- Country: United States
- Language: English

Publication
- Published in: Good Housekeeping
- Publication date: February 1948

= A Girl I Knew =

Short story by J. D. Salinger

"A Girl I Knew" is an uncollected work of short fiction by J. D. Salinger which appeared in the February 1948 issue of Good Housekeeping.

==Plot==

The story begins as the narrator fails out of college. His father offers to send him to Europe to learn languages he could use to help his business. While in Vienna, the narrator meets a girl, Leah. She is Jewish and attempts to give him lessons in German as he introduces her to pieces of Americana. He frequently stumbles over his new language while ingratiating himself with her and her family. They both spend time in his apartment, which is above hers. Some time passes before the narrator transfers to Paris, and then goes back to college in America.

While in school he receives a letter from Leah informing him she is married. As with other letters in Salinger's works, the narrator carries it around with him for some time. News begins to spread that the Nazis have invaded Vienna, and he enlists as an infantryman. Since he is in Intelligence, he uses some of the skills acquired while studying the various languages. The story closes as he is in Vienna, after the war, and hears that Leah is dead. Presumably she was sent to Buchenwald, as the story alludes to this. The narrator finds the apartment, which is now an officer's quarters. He notices everything about it has changed and leaves abruptly.

==Background==
Salinger enrolled for the autumn semester at New York University in 1936, but dropped out shortly thereafter, having neglected his coursework.

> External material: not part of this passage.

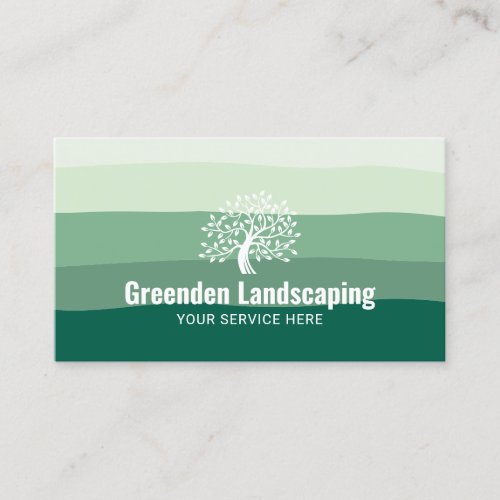 Lawn Care Green Shades Tree Logo Landscaping Business Card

His father, a successful cheese and meat retailer, attempted to entice his son into the family business by sending him to Europe as a translator for business associate Oskar Robinson, a Polish ham importer and slaughterhouse owner. Embarking in April 1937, Salinger traveled to Vienna, Austria via England and France, where he lived with a Jewish family for ten months, improving his bookish German. Working in Robinson’s Bydgoszcz, Poland meatpacking plant, Salinger discovered he was “not suited for his father’s line of work.”

Few details are known about his experiences in Vienna, other than that the 19-year-old Salinger “experienced his first serious romance” with the family’s young daughter.

Salinger witnessed the increasing Nazi-organized anti-Semitic terrorism inflicted on Viennese Jews. An American citizen of Jewish ancestry, Salinger was able to depart for New York in April 1938, shortly before German military forces entered Austria. Slawenski reports that “by 1945, every member of Salinger’s Austrian family had been murdered in the Holocaust.”

Salinger searched, unsuccessfully, to locate the family after the war. “The Girl I Knew” is Salinger’s memorial to the family and, in particular, their daughter.

The story was originally titled "Wien, Wien" ("Vienna, Vienna"). Salinger was deeply resentful the title was changed by the editors of the magazine.

==Theme==
Salinger’s story is more than merely a sentimental reflection on a first romance. The horrifying fate of Leah and her parents is personified in an American social type, here a US army sergeant who provides security at the family's former residence, now occupied by commissioned officers. John, wishing to view the apartment where he last saw Leah, explains to the sergeant: “She and her family were burned to death in an incinerator, I’m told.” The sergeant responds with brutal disregard: “Yeah? What was she, a Jew of something?”

From this exchange, Kenneth Slawenski identifies the central theme of “A Girl I Knew”:

Although not directly guilty of the death of Leah and her family, [the American sergeant] is held nonetheless responsible because of his attitude and the realization that without such indifference the Holocaust would never have taken place. The character of Leah therefore represents more than a romantic interest...she symbolizes the fragile and beautiful things that have been crushed by the Second World War...her treatment even after her death touches on a broader moral issue: the very nature of humankind and our ability to commit or condone atrocities through indifference.

== Sources ==
- Kenneth Slawenski |Slawenski, Kenneth. 2010. J. D. Salinger: A Life. Random House, New York.
- Wenke, John. 1991. J. D. Salinger: A Study of the Short Fiction. Twaynes Studies in Short Fiction, Gordon Weaver, General Editor. Twayne Publishers, New York.